Top of PROVIDED RECORDS
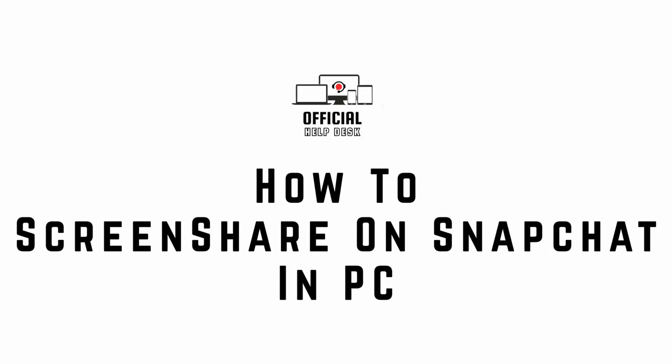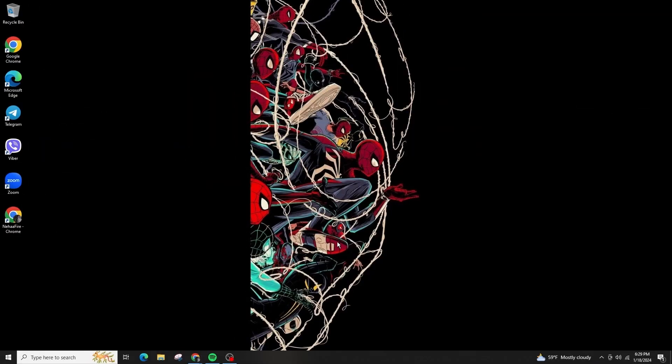How to screen share on Snapchat in PC. Hello everyone! Today, let's learn how to use the screen sharing feature on Snapchat.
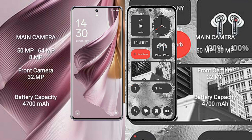OPPO Reno 10 Pro Plus has a rear triple camera setup: 50MP plus 64MP plus 8MP, and a front camera of 32MP. Nothing Phone 2 has a rear dual camera setup: 50MP plus 50MP, and a front camera of 32MP.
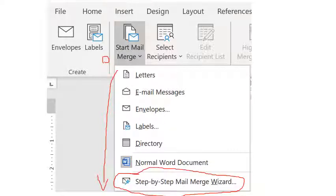So to reach the wizard: go to Mailings tab, click Start Mail Merge button, and at the bottom select Step by Step Mail Merge Wizard. When we click it, a dialog box opens which guides us step by step through the mail merge process. We will learn this in detail in the next class. That's all for today, thank you.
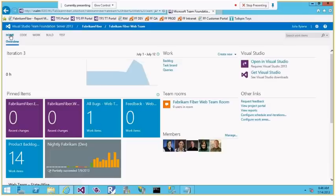Hi everyone, this is Nagraj Bhairaji, welcome to the Visual Studio ALM video series. In today's video we'll see the new project management features of TFS 2013 Update 3. We'll discuss how to create product backlog items, how to create features, tasks, add them to an iteration, do capacity planning, and start the iteration.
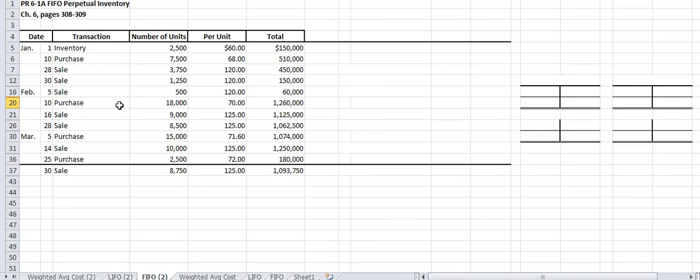I'm going to account for inventory sales using the first in first out method in my own way. The book uses a different template and format to determine cost of goods sold, sales revenue, and ending inventory. I don't care what format you use as long as you get the right answer. Find a method you're comfortable with that gives you the correct results.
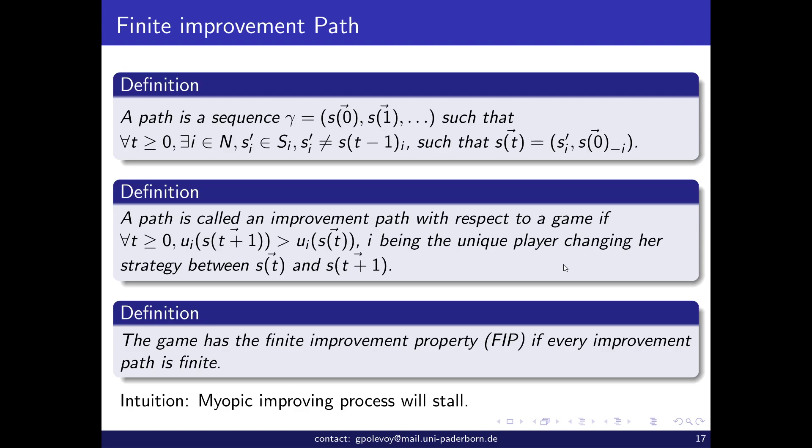Now let us look at several other definitions — all classical and especially well known. A path is a sequence where exactly one player changes strategy at each time. A path is called an improvement path with respect to a game if at each time the utility of the changing player strictly increases. We look at the utility of the unique player who changes strategy; we do not care what happens to other players.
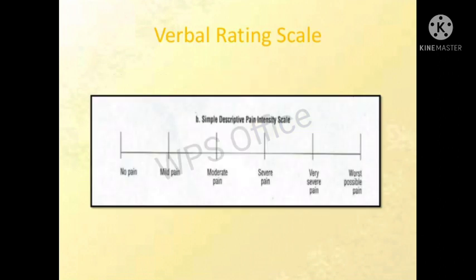The first is the verbal rating scale. In this, we use a verbal rating intensity scale. It includes no pain, mild pain, moderate pain, and severe pain. We give this to the patient and let the patient identify their pain level.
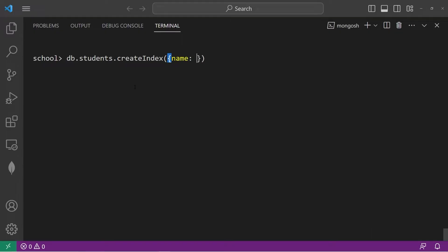So, with a name, one would be alphabetical, starting with A to Z. Let's hit enter. This is the name of our index, name underscore one.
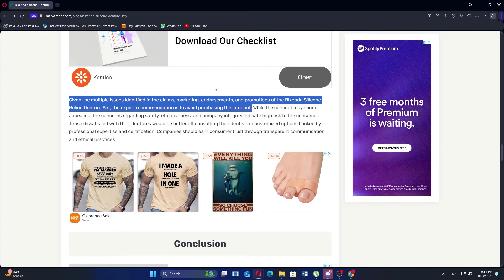Furthermore, the marketing for the Bikenda set has come under scrutiny for the use of non-original images and potentially misleading claims, which could signal issues with the brand's reputation.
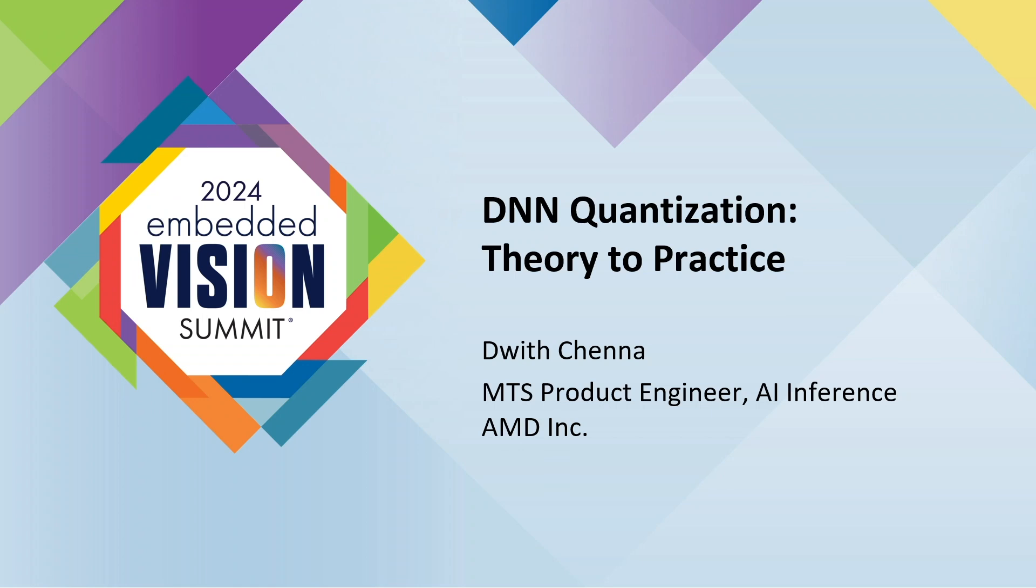I'm working as a product engineer for AI inference at AMD. As the title suggests, I'm going to be talking about deep neural network quantization.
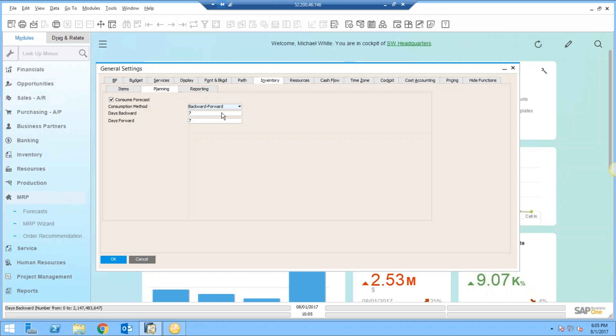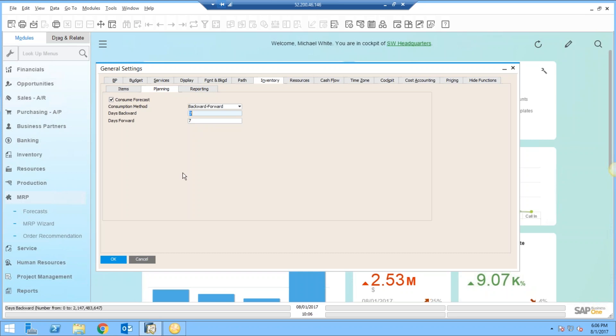So it won't forget about anything, but it will still consume the forecast backward seven days and then also forward seven days. These are all switch selectable, so you can make these setting changes. This is the standard default out of SAP and the most common settings that you would probably use within your MRP system.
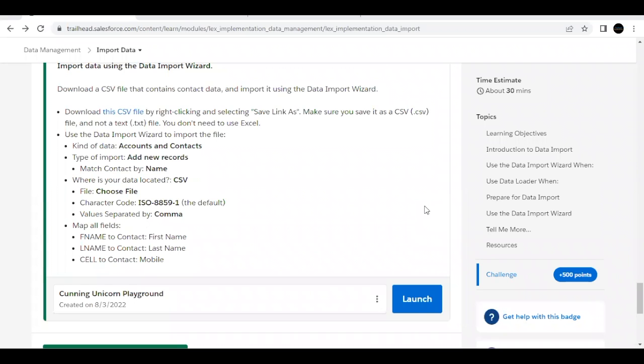Hello everyone, welcome back to another video of Trader Explanations. In this video, we are going to cover a unit import data from the module data management. This is the very first unit of this module.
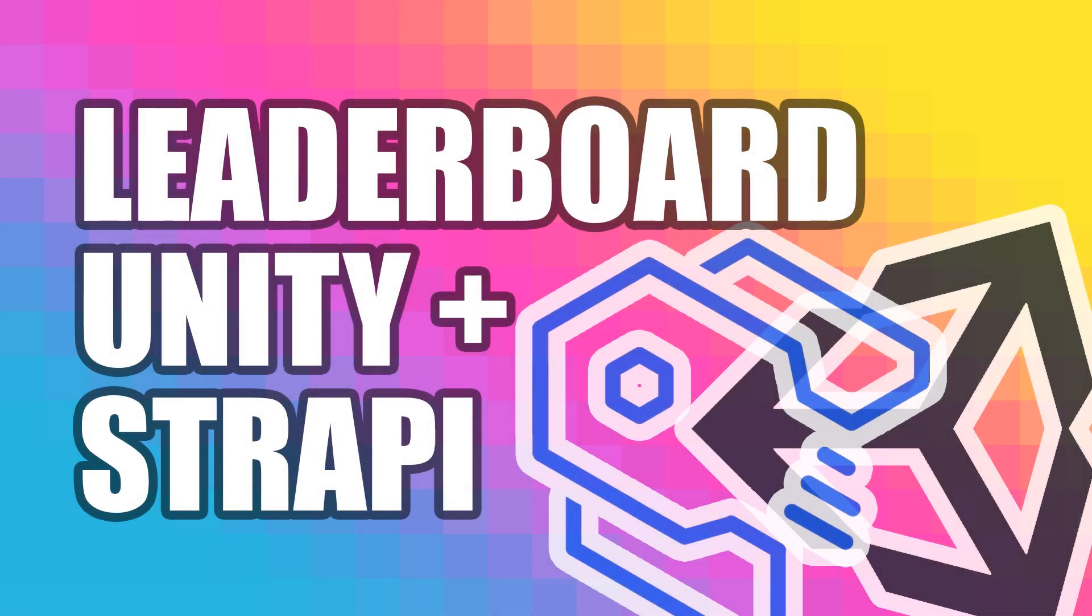In this video, we're going to cover how to add a cross-platform leaderboard to a project in Unity 3D. And we're going to achieve this by making web requests to an installation of Strapi.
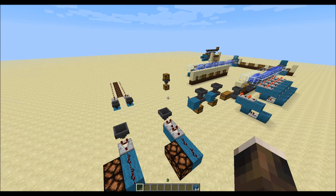Hello everyone, my name is Zipron and welcome to this video about item sorting. I will try to explain a compact way to sort items in an understandable way. I will explain all mechanics I use and I will give you examples.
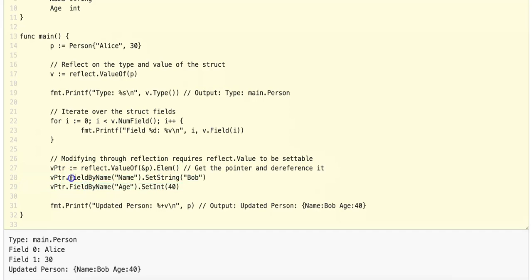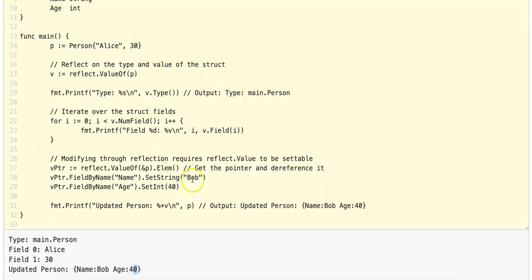The next two lines are pretty self-explanatory. We get the field by name 'Name' and then set the string to Bob. Similarly, we get the field by name 'Age' and then set the integer to 40. Now we print with the %+v format, which prints the field name as well as the value — whereas %v would just print Bob and 40. We have been able to modify the fields of this person struct using reflection by creating a reflect.Value that is settable with a pointer that is dereferenced.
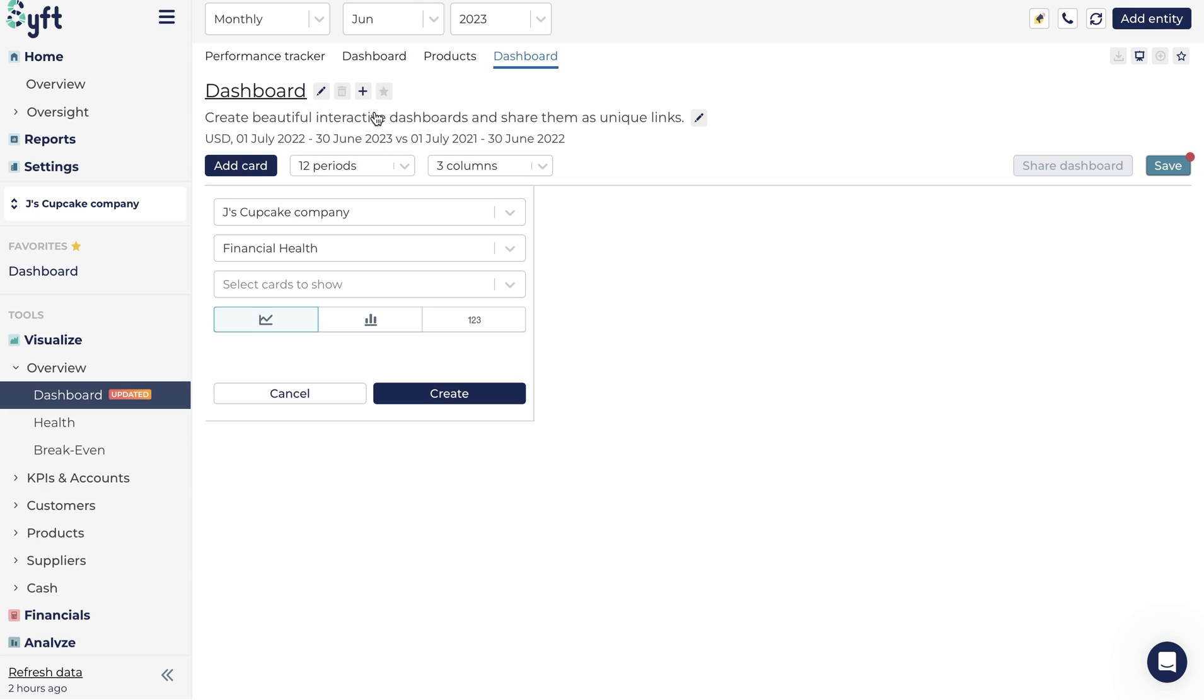Or you can set the dashboard as the default option which means the dashboard can be pulled through to different entities and used within reports.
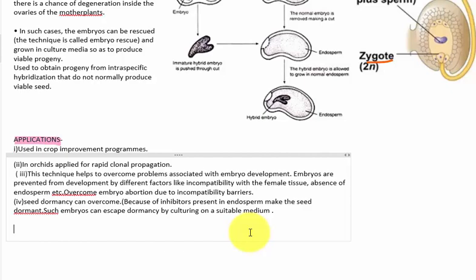The applications include overcoming embryo abortion and overcoming dormancy in the embryo cycle. This is all about embryo rescue and embryo culture.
Bottom of PROVIDED RECORDS
Where an entry holds an image, drop the image and copy the remaining text exactly.

How to screen share on Snapchat in PC. Hello everyone! Today, let's learn how to use the screen sharing feature on Snapchat.
OPPO Reno 10 Pro Plus has a rear triple camera setup: 50MP plus 64MP plus 8MP, and a front camera of 32MP. Nothing Phone 2 has a rear dual camera setup: 50MP plus 50MP, and a front camera of 32MP.
So to reach the wizard: go to Mailings tab, click Start Mail Merge button, and at the bottom select Step by Step Mail Merge Wizard. When we click it, a dialog box opens which guides us step by step through the mail merge process. We will learn this in detail in the next class. That's all for today, thank you.
Hi everyone, this is Nagraj Bhairaji, welcome to the Visual Studio ALM video series. In today's video we'll see the new project management features of TFS 2013 Update 3. We'll discuss how to create product backlog items, how to create features, tasks, add them to an iteration, do capacity planning, and start the iteration.
I'm going to account for inventory sales using the first in first out method in my own way. The book uses a different template and format to determine cost of goods sold, sales revenue, and ending inventory. I don't care what format you use as long as you get the right answer. Find a method you're comfortable with that gives you the correct results.
Now let us look at several other definitions — all classical and especially well known. A path is a sequence where exactly one player changes strategy at each time. A path is called an improvement path with respect to a game if at each time the utility of the changing player strictly increases. We look at the utility of the unique player who changes strategy; we do not care what happens to other players.
The first is the verbal rating scale. In this, we use a verbal rating intensity scale. It includes no pain, mild pain, moderate pain, and severe pain. We give this to the patient and let the patient identify their pain level.
So, with a name, one would be alphabetical, starting with A to Z. Let's hit enter. This is the name of our index, name underscore one.
Furthermore, the marketing for the Bikenda set has come under scrutiny for the use of non-original images and potentially misleading claims, which could signal issues with the brand's reputation.
I'm working as a product engineer for AI inference at AMD. As the title suggests, I'm going to be talking about deep neural network quantization.
So it won't forget about anything, but it will still consume the forecast backward seven days and then also forward seven days. These are all switch selectable, so you can make these setting changes. This is the standard default out of SAP and the most common settings that you would probably use within your MRP system.
Hello everyone, welcome back to another video of Trader Explanations. In this video, we are going to cover a unit import data from the module data management. This is the very first unit of this module.
In this video, we're going to cover how to add a cross-platform leaderboard to a project in Unity 3D. And we're going to achieve this by making web requests to an installation of Strapi.
Hello everyone, my name is Zipron and welcome to this video about item sorting. I will try to explain a compact way to sort items in an understandable way. I will explain all mechanics I use and I will give you examples.
The next two lines are pretty self-explanatory. We get the field by name 'Name' and then set the string to Bob. Similarly, we get the field by name 'Age' and then set the integer to 40. Now we print with the %+v format, which prints the field name as well as the value — whereas %v would just print Bob and 40. We have been able to modify the fields of this person struct using reflection by creating a reflect.Value that is settable with a pointer that is dereferenced.
Or you can set the dashboard as the default option which means the dashboard can be pulled through to different entities and used within reports.
The applications include overcoming embryo abortion and overcoming dormancy in the embryo cycle. This is all about embryo rescue and embryo culture.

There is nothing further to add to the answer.